Transformers achieve their unique capabilities from its architecture. This chapter will explain the main ideas of the original transformer model in simple terms to make it easier to understand.
We will focus on the key components that make the transformer: the encoder, the decoder, and the unique attention mechanism that connects them both.
How do Transformers Work in Generative AI?
Let’s understand how a transformer works −
- First, when we provide a sentence to the transformer, it pays extra attention to the important words in that sentence.
- It then considers all the words simultaneously rather than one after another which helps the transformer to find the dependency between the words in that sentence.
- After that, it finds the relationship between words in that sentence. For example, suppose a sentence is about stars and galaxies then it knows that these words are related.
- Once done, the transformer uses this knowledge to understand the complete story and how words connect with each other.
- With this understanding, the transformer can even predict which word might come next.
Transformer Architecture in Generative AI
The transformer has two main components: the encoder and the decoder. Below is a simplified architecture of the transformer −
As you can see in the diagram, on the left side of the transformer, the input enters the encoder. The input is first converted to input embeddings and then crosses through an attention sub-layer and FeedForward Network (FFN) sub-layer. Similarly, on the right side, the target output enters the decoder.
The output is also first converted to output embeddings and then crosses through two attention sub-layers and a FeedForward Network (FFN) sub-layer. In this architecture, there is no RNN, LSTM, or CNN. Recurrence has also been discarded and replaced by attention mechanism.
Let’s discuss the two main components, i.e., the encoder and the decoder, of the transformer in detail.
A Layer of the Encoder Stack of the Transformer
In transformer, the encoder processes the input sequences and breaks it down into some meaningful representations. The layers of the encoder of the transformer model are stacks of layers where each encoder stack layer has the following structure −
This encoder layer structure remains the same for all the layers of the Transformer model.

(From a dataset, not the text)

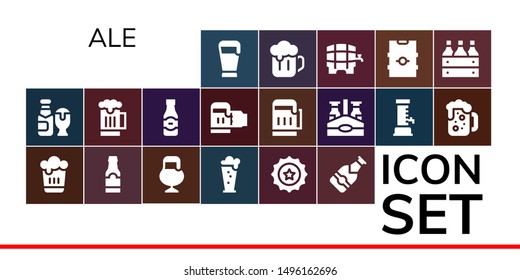 ale icon set. 19 filled ale icons.  Simple modern icons about  - Beer, Beer bottle, Beer cap, box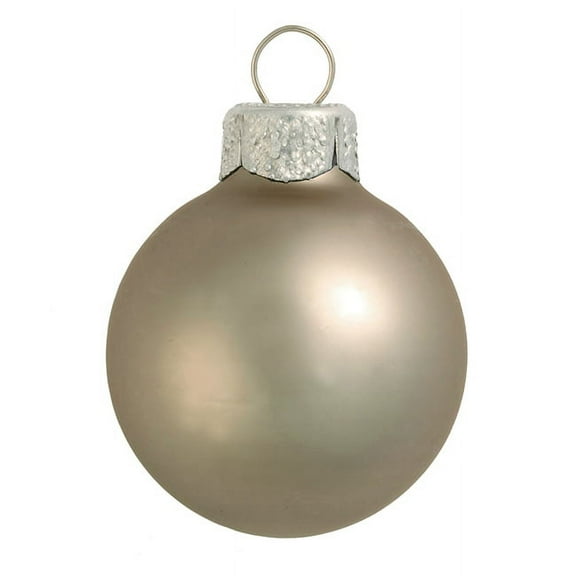 Whitehurst Matte Finish Glass Christmas Ball Ornament - 7" (180mm) - Pewter Gray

Each layer of encoder stack contains the following two sub-layers −
- A multi-head attention mechanism
- FeedForward Network (FFN)
As we can see in the above diagram, there is a residual connection around both the sub-layers, i.e., multi-head attention mechanism and FeedForward Network. The job of these residual connections is to send the unprocessed input x of a sub-layer to a layer normalization function.
In this way, the normalized output of each layer can be calculated as below −
Layer Normalization (x + Sublayer(x))
We will discuss the sub-layers, i.e., multi-head attention and FNN, Input embeddings, positional encodings, normalization, and residual connections in detail in subsequent chapters.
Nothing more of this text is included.